------ MATERIAL PROVIDED

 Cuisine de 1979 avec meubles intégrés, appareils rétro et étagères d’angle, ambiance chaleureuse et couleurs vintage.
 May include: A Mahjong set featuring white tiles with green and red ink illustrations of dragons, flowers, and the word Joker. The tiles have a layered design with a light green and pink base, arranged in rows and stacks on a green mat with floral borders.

------------
------ MATERIAL PROVIDED

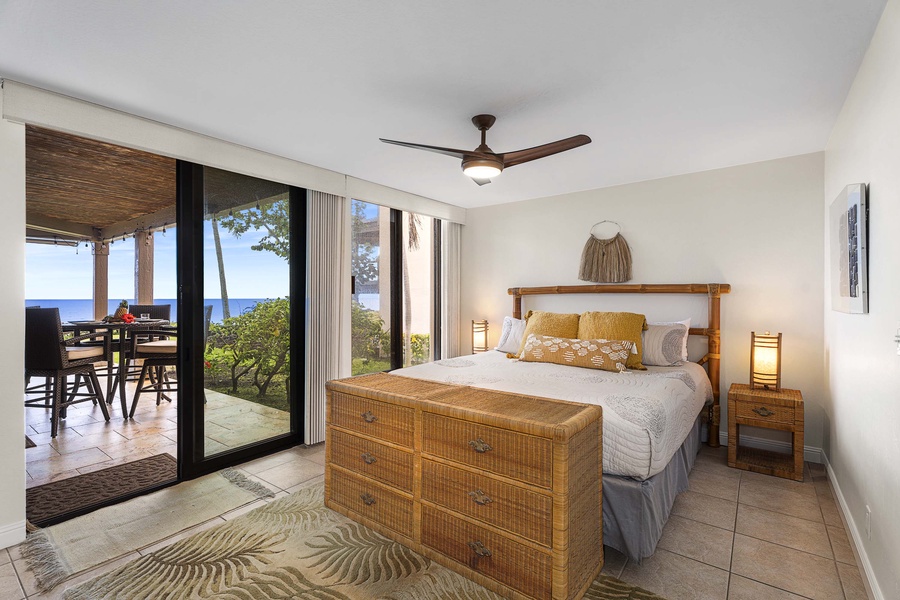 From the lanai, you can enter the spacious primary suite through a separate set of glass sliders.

------------
------ MATERIAL PROVIDED

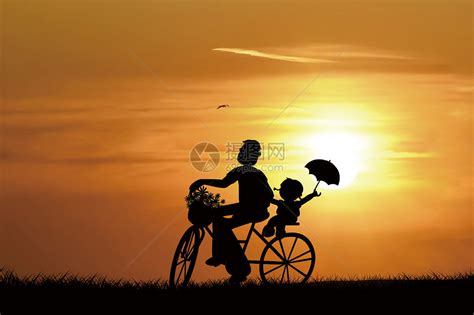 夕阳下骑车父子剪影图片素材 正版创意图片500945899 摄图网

------------

WHAT YOU SHOULD DO » Look back at the entries above and repeat, unchanged, every line from the line holding "Cuisine de 1979" through the line holding "May include: A".

ANSWER SECTION »
 Cuisine de 1979 avec meubles intégrés, appareils rétro et étagères d’angle, ambiance chaleureuse et couleurs vintage.
 May include: A Mahjong set featuring white tiles with green and red ink illustrations of dragons, flowers, and the word Joker. The tiles have a layered design with a light green and pink base, arranged in rows and stacks on a green mat with floral borders.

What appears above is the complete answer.